Where's the Beef? (Providing Beef for China)

© Eugene S. Takle
gstakle@iastate.edu


Much has been written recently on the food demands of China. With 1.2 billion people, any change in Chinese diet can become a monumental supply problem. Other east Asian countries (Japan, South Korea, Malaysia) that have developed rapidly in the last few decades have acquired different dietary patterns in the process of transforming to a more industrialized society. One notable change is the rise in consumption of meat, principally beef. It has been speculated that the Chinese demand for beef will be difficult to supply if China follows the same dietary shift during its impending economic transformation. To put this issue in perspective, I offer a few simple calculations.

A calf destined for beef production is weaned at a weight of about 500 lbs and is fed a diet of corn, protein supplement and roughage until it reaches slaughter weight of about 1150 lb. Corn typically comprises 85% of this diet. During this fattening period the animal will consume an average of 21 lbs of feed (dry matter) per day and experience a daily gain in weight of about 3.0 lbs in an efficient US feedlot. These numbers indicate that it takes 6.0 lbs of corn (dry matter) to create a lb of beef on the hoof (21 x 0.85 / 3.0). When the 1150-lb animal is slaughtered, it yields a carcass weighing about 715 lbs, of which 75% or 540 lbs can be used for ground beef.

A bushel of corn weighs 56 lbs (approximately 48 lbs of dry matter). The 540 lbs of ground beef produced by the animal is achieved by feeding it 3,900 lbs (650 x 6.0) or 81 bushels (3,900/48) of corn. Stated another way, 1 bushel of corn produces 6.7 lbs of ground beef (540 / 81).

In 1996, Iowa produced 1.718 billion bushels of corn, 18.5% of the US total, with a very good yield of 138.0 bushels per acre. At 6.7 lbs of beef per bushel of corn, the Iowa crop translates into 11.5 billion lbs of ground beef, or 46 billion MacDonalds Quarter Pounders. This translates into 38 Quarter Pounders per year (46/1.2) for every Chinese, or about one every 10 days. For comparison, net US exports (total exports - imports) of red meat and poultry in 1996 were 5.2 billion lbs.

These calculations are quite conservative, since they do not consider the nutritional requirements of the breeding stock nor raising the feeder calf to the weaning weight of 500 lb. One cow, on average, produces 0.9 slaughter animals per year. The feed requirements of the cow are comparable to those of the slaughtered animal, except the cow is usually fed much more roughage and much less corn. For the sake of calculation, if the cow's nutritional requirements were met with corn, the production of ground beef per bushel of corn would be only 3.3 lbs and the Iowa crop would translate into 5.7 billion lbs of ground beef, or one Quarter Pounder every 19 days for each Chinese. If the average Chinese had demanded his/her Quarter Pounder every week in 1996 and beef breeding stock had been fed corn, the Chinese demand would have taken over half of the US corn crop in 1996. By contrast, total US corn exports in 1996 were only 30% of domestic production.

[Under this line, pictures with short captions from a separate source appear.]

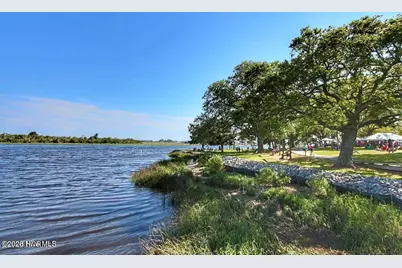 515 Fairway Drive W, Sunset Beach, NC 28468 - Photo 15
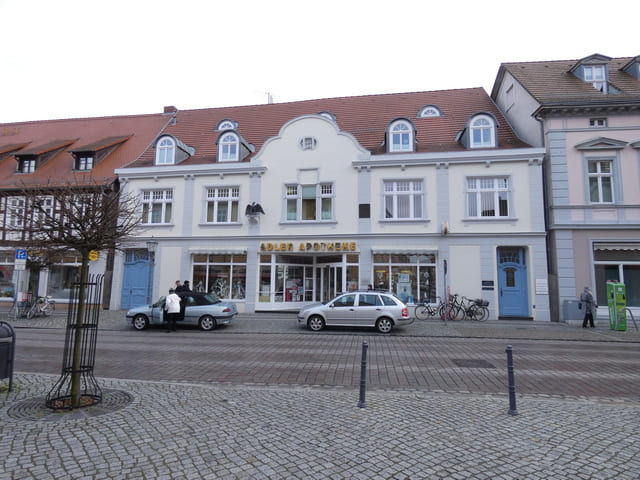 Adler-Apotheke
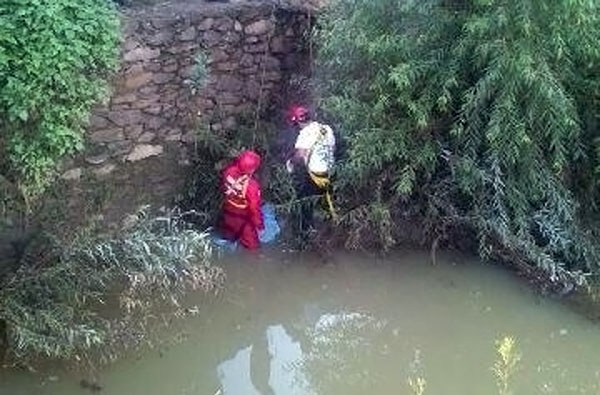Hallan cadáver de niño que fue arrastrado por la corriente en Azumiatla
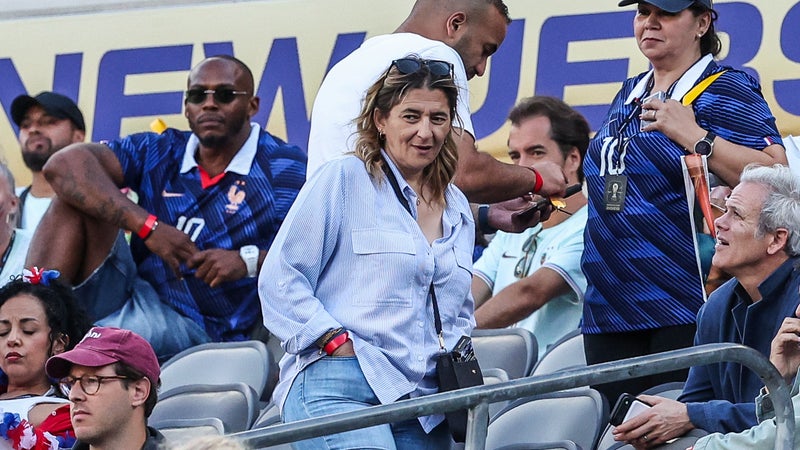 Caen: la mère de Mbappé a interdit les portables au centre de formation, "une décision formidable" salue Mathieu Bodmer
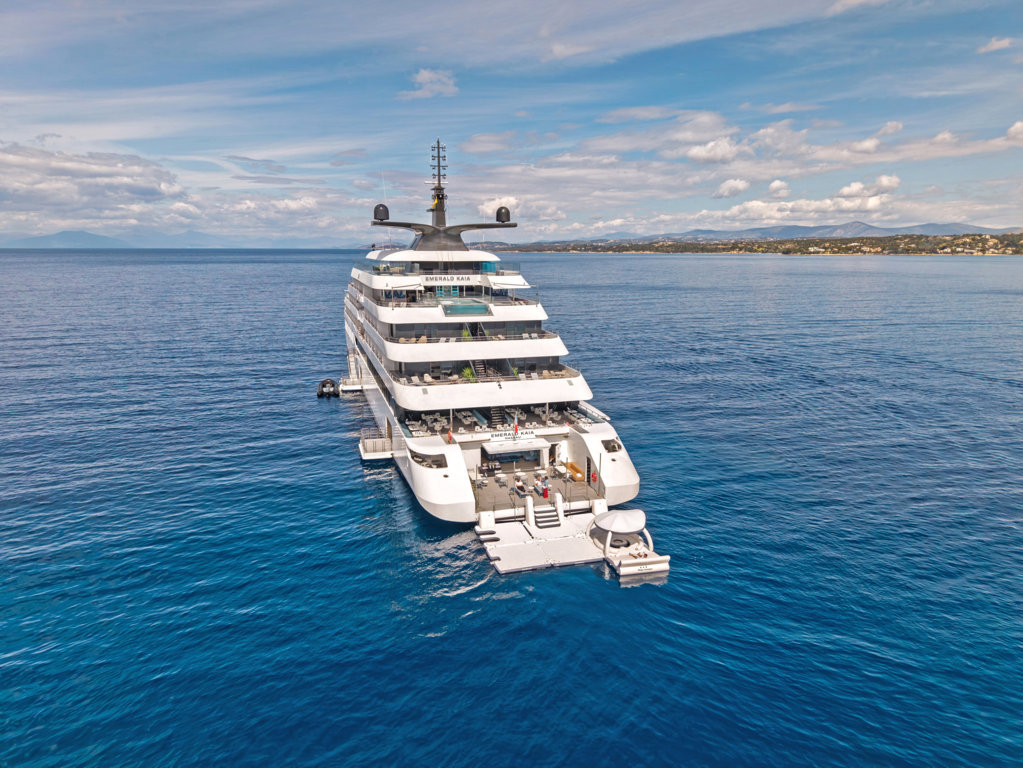 emerald-cruises-celebra-due-importanti-traguardi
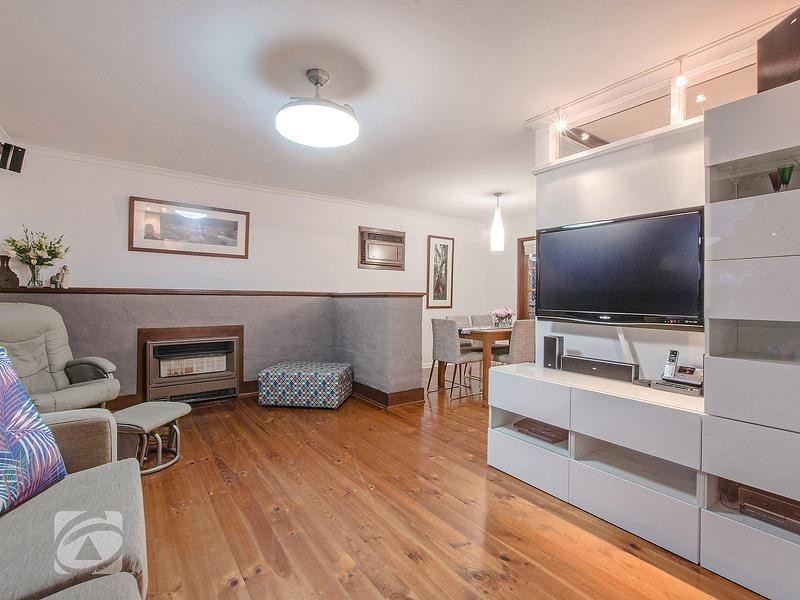 10 Cottenham Drive, Banksia Park SA 5091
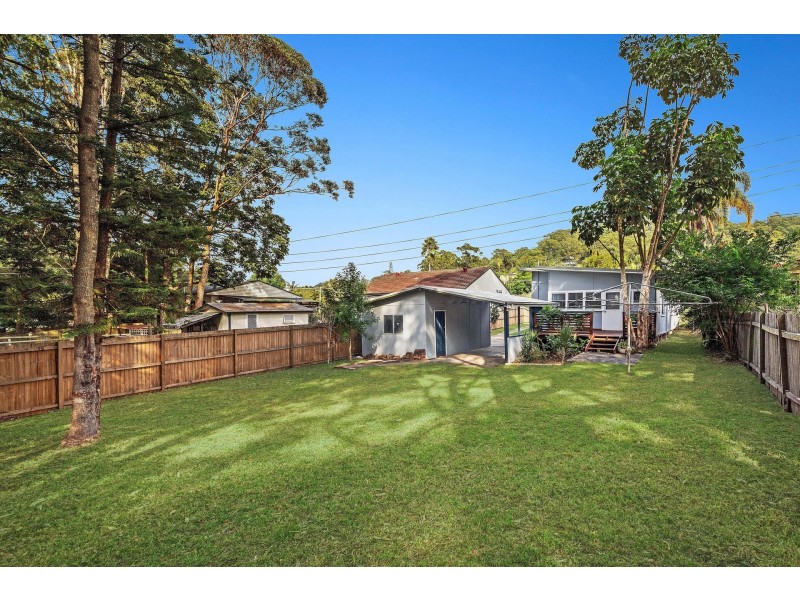 8 Lynnette Crescent, East Gosford NSW 2250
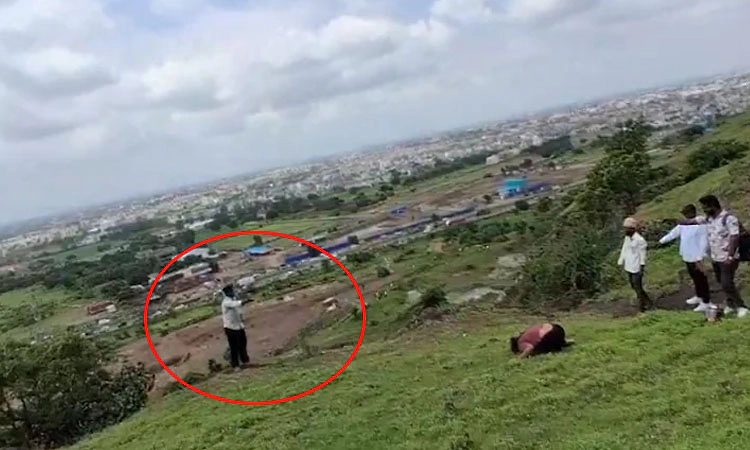 ಬೆಟ್ಟದಿಂದ ಹಾರಿ ಒಂದೇ ಕುಟುಂಬದ ಮೂವರು ಸಾವು: ಪ್ರಕರಣಕ್ಕೆ ರೋಚಕ ಟ್ವಿಸ್ಟ್.!‌   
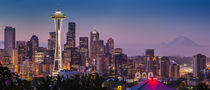 Dawn Twilight over Seattle Skyline, Washington USA von Danita Delimont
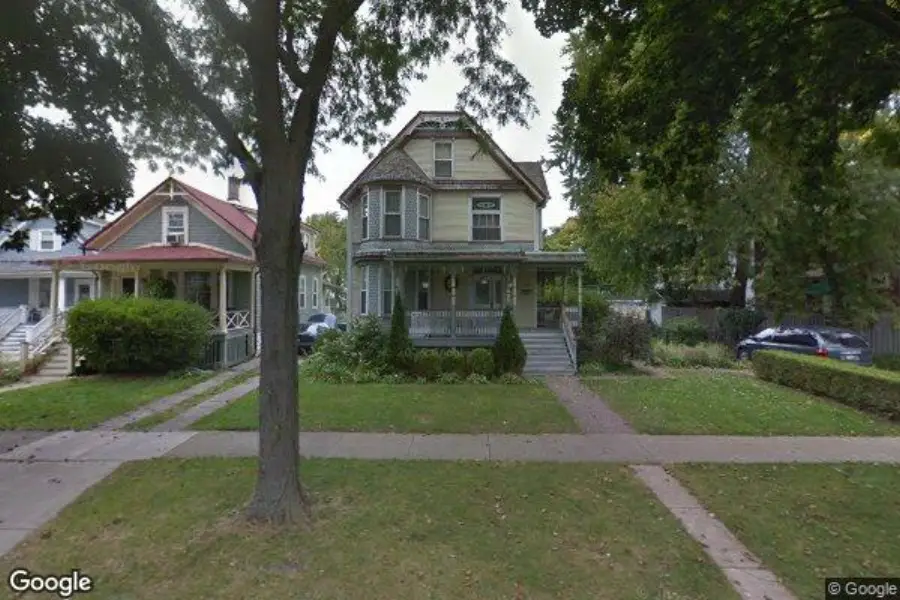 1112 PAULINA ST, Oak Park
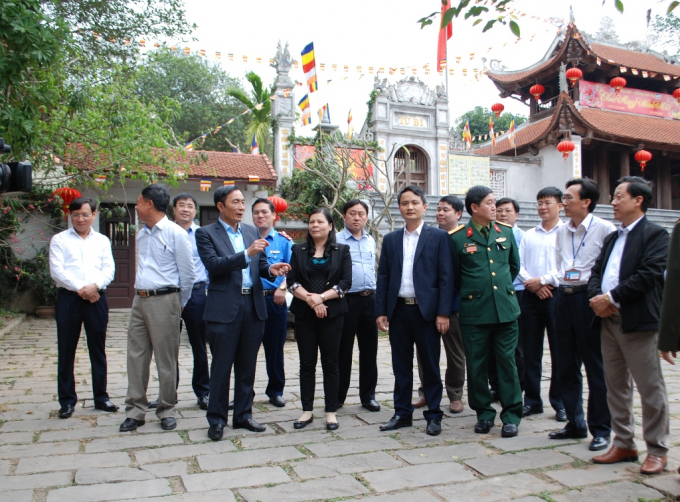 Đoàn công tác kiểm tra lễ hội do đồng chí Nguyễn Văn Phong, Phó Chủ tịch UBND tỉnh Bắc Ninh dẫn đầu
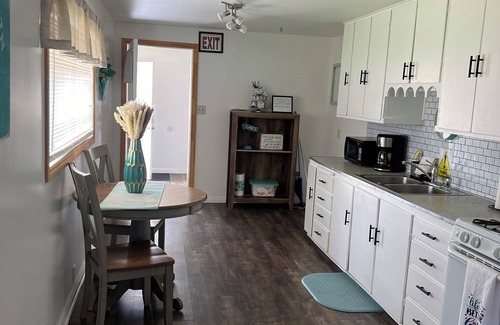 Manila House | Cozy little house, great location, walking distance to stores and restaurants.
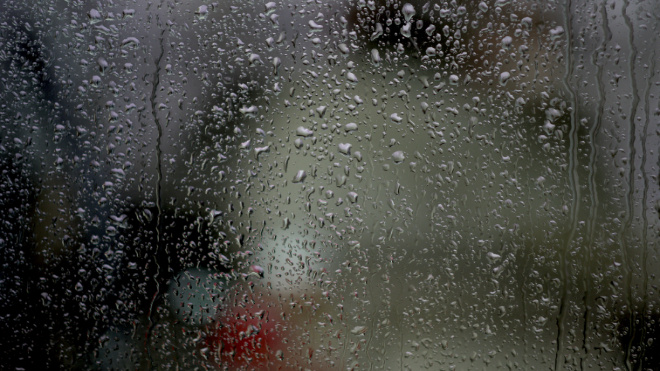 Фото: https://ru.freepik.com/free-photo/window-with-raindrops-it-lights_9927335.htm#fromView=search&page=1&position=18&uuid=0b0baafa-864f-49da-b601-19c1cd97431c&query=rain+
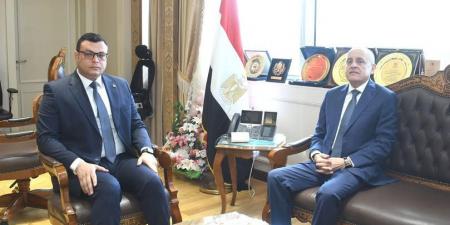 وزير الإسكان يستقبل محافظ الأقصر لمتابعة مشروعات مبادرة حياة كريمة - الكويت الاخباري
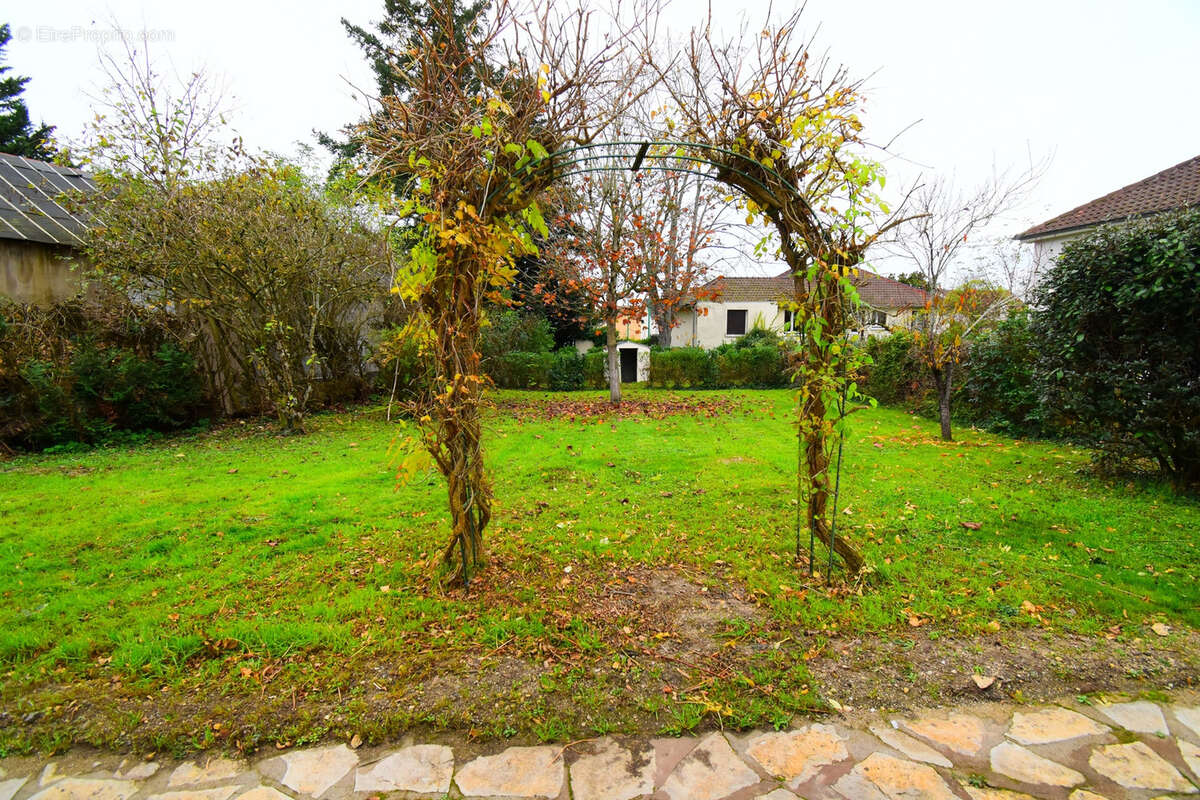 Maison à YZEURE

A benchmark of providing one Quarter Pounder per Chinese citizen per week (12.6 lbs per year) requires 16 billion lbs of beef per year (3 times the total US net exports of beef, mutton, pork, and poultry in 1996). At 540 lbs of ground beef produced per year per animal, we need approximately 28 million animals raised for slaughter and another 28 million cows, or over half a million per county if we raise them all in Iowa.

Cattle eat about 20 times as much as humans and produce about 20 times the amount of body waste. If we treated animal sewage like human sewage, we would need a sewage treatment system with a capacity four and a half times the aggregate of sewage treatment plants in the entire US.

These numbers are presented to give a perspective on the magnitude of the Chinese market and the impact of even slight changes in Chinese dietary patterns.

References

Iowa State University Extension Service, 1997: Facts on Iowa Agriculture.

Trenkle, Allen: Biological efficiency and relative competitiveness of beef, pork, and poultry production. Animal Science Department, Iowa State University. 13 pp.